The following line is from a makefile accepted by gmake:
onefile: $(AVAR)
I'm wondering what the ramification are of lexing what's on the right of the colon as a single string and then breaking it apart later, as opposed to returning a more detailed sequence of tokens, such as DOLLAR LPAREN NAME RPAREN.
The following line is from a makefile accepted by gmake:
onefile: $(AVAR)
On Wednesday, June 29, 2022 at 2:02:08 PM UTC-7, nob...@gmail.com wrote:
The following line is from a makefile accepted by gmake:
onefile: $(AVAR)
I'm wondering what the ramification are of lexing what's on the right of the >> colon as a single string and then breaking it apart later, as opposed to
returning a more detailed sequence of tokens, such as DOLLAR LPAREN NAME
RPAREN.
I suspect that the question is more complicated than it looks.
Well, first, you might look at the gmake manual, and especially here:
https://www.gnu.org/software/make/manual/html_node/Flavors.html#Flavors
Often in interpreted languages, and also in languages that use a preprocessor,
you have to consider that things might be parsed more than once.

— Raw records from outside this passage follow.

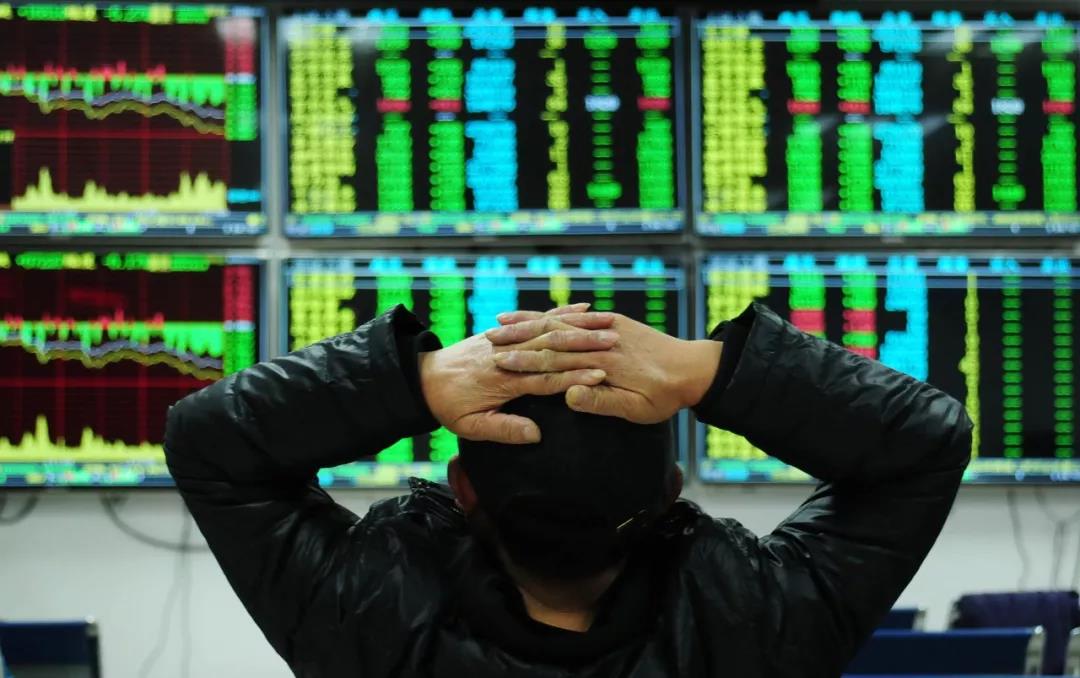 a股周末迎来"变局",下周市场"风口"变了,散户还浑然不知!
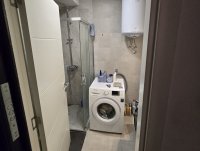 Nekretnina: Jednoiposoban, ugao Karađorđeve i Dositejeve 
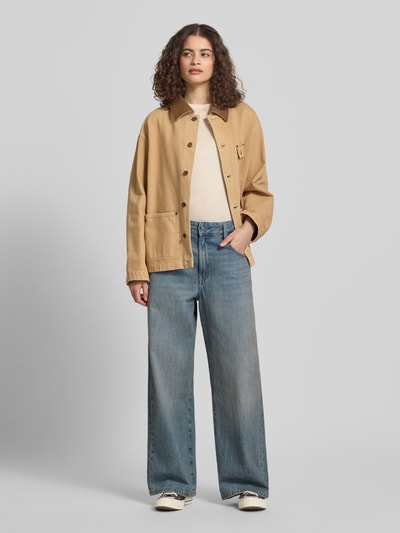 Frauenmodel trägt Regular Fit Jeansjacke aus reiner Baumwolle Modell 'FLIMANE-1-D_B' von Hugo Blue in Beige, Denim-Struktur, Ganzkörperansicht von vorne.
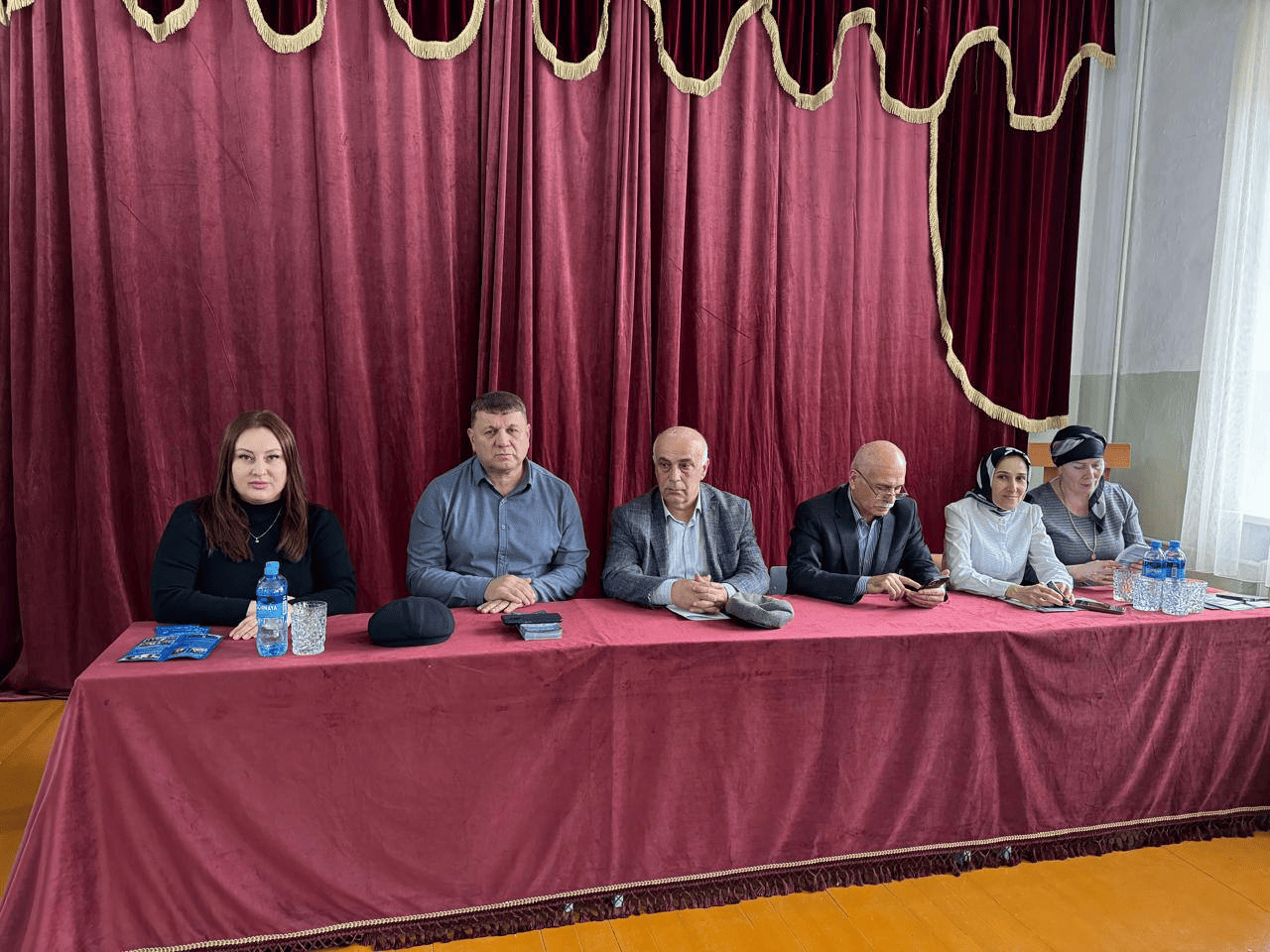 Руководитель профориентационной работы м.к Башларова Ахмад Алишаев, посетил родительские собрания городских школ №: 3, 9, 14, 28, 29, 50, 26, 42, 15,...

As well as I know it, in processing that line gmake searches the line for $, without (mostly) looking at the rest of the line. (Even more, I am not sure about string constants.) So variables are replaced, and then the line
is executed. Except when it isn't.
It seems that in variable assignment:
bvar = $AVAR
the variable isn't expanded yet, but $AVAR is the value of bvar.
Then, later, when there is a $bvar, and $AVAR is substituted,
and then the value of AVAR is substituted.